Still working on it. Turns out this is a slightly bigger refactor than I would have expected 😅
@lowlighter merged my PR. Could you try to update your branch?
@lowlighter merged my PR. Could you try to update your branch?
I'll rebase it 👍 Still making some changes on it
It seems to works on Linux now (don't know for mac os since it gets canceled before the result) Still needs to check for windows, not sure why the executable isn't able to boot somewhere along the tests
not sure why the executable isn't able to boot somewhere along the tests
This usually means that there was an error running the executable and it usually prints out a log. No idea why there isn't a log or why it's failing to boot. Strange. I can test your branch on MacOS right now.
All tests pass on my Mac.
It seems I can reproduce on Windows, not sure if it's separate errors, but it may be possible that when spawning the browser there is an exclusive lock that get attached to the DLL so it's not possible to create another instance of it ?

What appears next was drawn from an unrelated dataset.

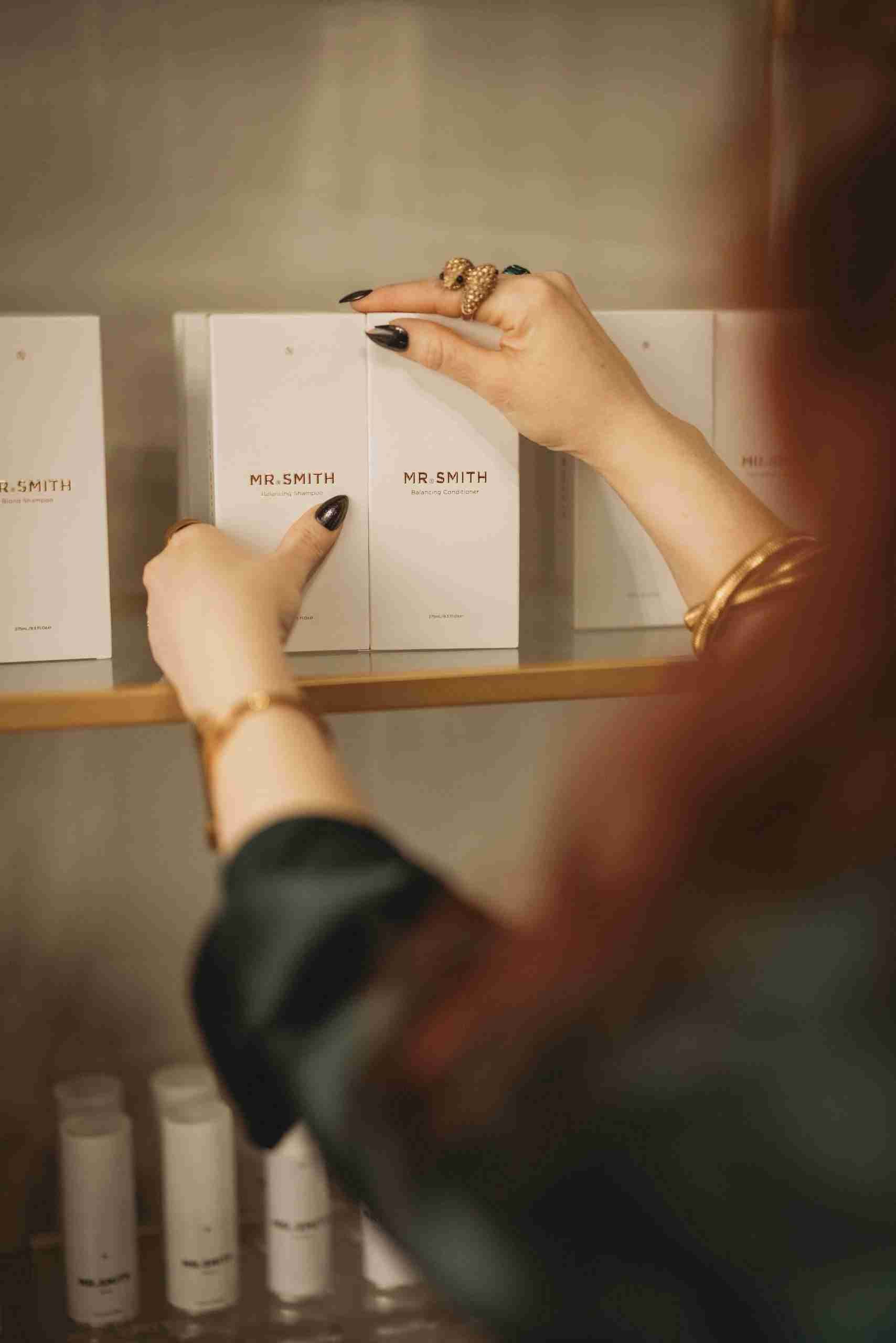 A woman is reaching for a box on a shelf in a store.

Wait for selector => ./tests/wait_test.ts:5:6
error: Error: The process cannot access the file because it is being used by another process. (os error 32): open '******\.astral\118.0.5943.0\chrome-win64\chrome.dll'
const file = await Deno.open(path, {
^
at async Object.open (ext:deno_fs/30_fs.js:574:15)
at async decompressArchive (file:///******/astral/src/cache.ts:111:20)
at async _getBinary (file:///******/astral/src/cache.ts:238:5)
at async launch (file:///******/astral/src/browser.ts:166:12)
at async file:///******/astral/tests/wait_test.ts:7:19
Wait for function => ./tests/wait_test.ts:20:6
error: Error: Your binary refused to boot
throw new Error("Your binary refused to boot");
^
at runCommand (file:///******/astral/src/browser.ts:50:11)
at eventLoopTick (ext:core/01_core.js:183:11)
at async launch (file:///******/astral/src/browser.ts:220:33)
at async file:///******/astral/tests/wait_test.ts:22:19
I think I'll check later, thanks for helping and for implementing #26
Sounds good. Let me know if you want me to investigate further (though I'd have to obtain a windows computer!).
I have experimented some last stuff before sleeping, ssems that on Windows for some reason the exit code 21 gets triggered when ran in parallel really quickly
It seems to be a "NETWORK_CHANGED" error:
https://source.chromium.org/chromium/chromium/src/+/main:net/base/net_error_list.h;l=90-91
I wonder if it's because there is special handling for the bindings that occurs on windows to reuse the same process 🤔 ?
One thing to note is that it doesn't occur with --headless=old
(though even if the tests passed it hangs on local machine)
The dirty fix I put needs to be removed, it was just for testing the CI.
It seems that all tests are "passing", but there are Web socket leaks on windows, I'm not sure where it does occurs. I thought it was maybe in page but apparently it had no effects
@lino-levan Ok I think I've mostly achieved to make everything work, but since this PR got quite huge I think I should split the different changes into smaller PR to make changes more trackable/reversible and clean some stuff so it's easier for you to review
I think there was a potential op leak in celestial bindings related to Websockets
While Websocket.close()
starts closing the websocket, it may actually not be closed instantly (I've confirmed by checking the ws.readyState
after and before, and sometimes you may have ws.CLOSING
state rather than Websocket.CLOSED
.
Looking at other people with same issue https://github.com/denoland/deno/issues/12815#issuecomment-974057915 it looks like it's intended that you look that the websocket has been closed yourself.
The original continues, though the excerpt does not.